Exercise prompt:
Write out exactly, and only, the lines below from the line with "Serene Sage Minimalist Photo Save The Date" through the line with "LOTTO 4 SEDIE"; pictures do not belong in the copy.

Listed entries:
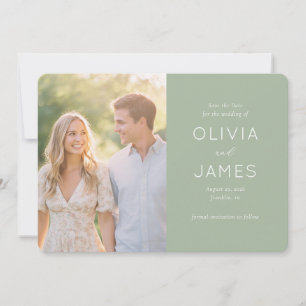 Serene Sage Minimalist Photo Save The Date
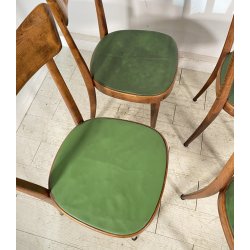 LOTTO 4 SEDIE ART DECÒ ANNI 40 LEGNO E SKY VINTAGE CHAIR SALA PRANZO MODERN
--
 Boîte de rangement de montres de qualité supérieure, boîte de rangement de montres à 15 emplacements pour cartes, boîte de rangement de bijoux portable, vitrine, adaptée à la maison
--
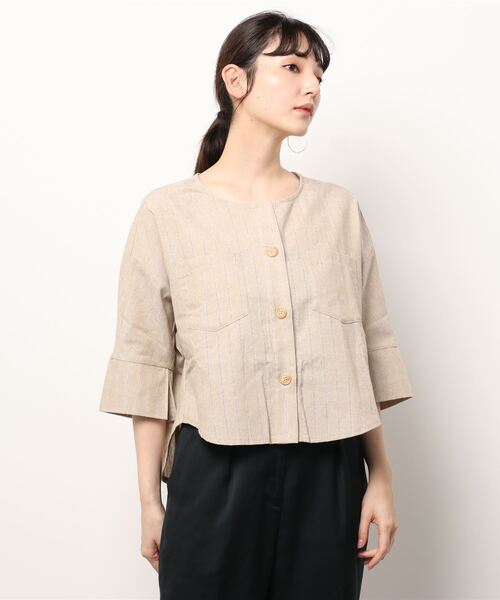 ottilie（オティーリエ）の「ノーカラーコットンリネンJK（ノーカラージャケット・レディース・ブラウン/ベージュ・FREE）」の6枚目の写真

Written solution:
 Serene Sage Minimalist Photo Save The Date
 LOTTO 4 SEDIE ART DECÒ ANNI 40 LEGNO E SKY VINTAGE CHAIR SALA PRANZO MODERN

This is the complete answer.